Discuss and refine what success looked like to those stakeholders. (This part took forever. It’s easily the hardest part of analytics work. Doing this process a zillion times gave me TONS of opinions on it—but I have no idea how portable they are to other industries).
Decide on whether to build a fresh model in dbt to meet the report needs, or make a modification to an existing model. Sometimes this was adding an additional column, or building a view on top of another couple of models.
Make modifications to existing models in dbt, or build a fresh model.
Open a pull request, write it according to our version of dbt’s PR template, prepare any spreadsheets to validate that my work matched what stakeholders were going to expect, and wait for the CI job to pass to make sure my work wasn’t going to break prod. (footnote: vendors who make CI/PR check/validation tools, I DON’T WORK THERE ANYMORE and I am not sending you my coworkers’ way. sorry!)
Once my CI job passed, wait for another data teammate to review my PR and make any modifications that they suggested.
Once my PR was approved, merge it and wait for the CD run-on-merge job to complete that would actually get my work into our production database.
Construct the report in Looker. Send it off to my data teammate for review and to the business stakeholder for review. Each of them received a review template to make the process easier.

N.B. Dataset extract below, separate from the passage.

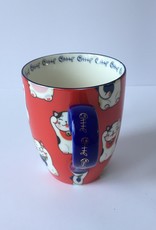 Kawaii Lucky Cat kopje in geschenkdoos (Rood)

Once all reviews were passed & any revisions were made, we considered the report “shipped” and marked it as “production-ready” in our data catalog.
Throughout this process, I interacted with “jobs” in dbt at least twice. Once each for the CI/CD portion, and sometimes more frequently if I needed to re-trigger a job or wait for a scheduled job to finish. I wasn’t responsible for configuring or scheduling those jobs, but I did consider it my responsibility to understand why they failed when they did.
Sometimes, my CI job (to check that my work wasn’t going to break prod) would fail. When this happened, I would read the logs and figure out why the job had failed. I knew what to look for to figure out if the job failure had to do with the work that I was doing, or if it had to do with a bug in the codebase that was someone else’s domain. This wasn’t too bad—I just looked for the red text in the logs and the FAILURE tag. Usually, the job failure was connected to either a model failing to build or a model failing to pass tests. This was easy to figure out if it was my fault—if it was my model that failed, the failure was my fault!
If the job failure was my fault, I knew what to do to address it. This was usually going back into dbt to figure out why the model wouldn’t build or why the tests failed. If it had to do with something I couldn’t control (i.e., someone else’s models, a model I hadn’t touched in my PR, or a database error), I knew my job was to open an issue with our data engineer to log the bug, and then get on with merging my PR.
If a CD job failed, I would follow the same process. Additionally, if the failure of the CD job meant that my model failed to get built, I would also trigger a re-build of the model I was working on as well as its ancestors, if that was relevant.
This workflow was pretty good for us as a team. I was conversant enough in job logs and how jobs worked so that whenever a job failed, I wasn’t constantly going to my data engineer and adding more tasks to his plate. Sometimes I had to. But if I did, it was in an organized manner and put a task on his plate that actually made sense for him to do—as opposed to him fixing my mistakes for me.
I also enjoyed this workflow because I felt a strong sense of ownership over my work and the business domains that I touched. I also felt empowered to understand how data was moving through our organization, and to understand how and why it could fail. I educated business stakeholders about these potential failure points as it became relevant, with the goal again being to share the responsibility for our data stack’s health. (footnote: everyone is responsible for data quality. I get SaaS tools might help with that but man it’s always weird seeing them touted as a replacement for…I don’t know….paying your people to take the time to educate your non-data teammates? I mean, the answer is usually both tools and time, but still).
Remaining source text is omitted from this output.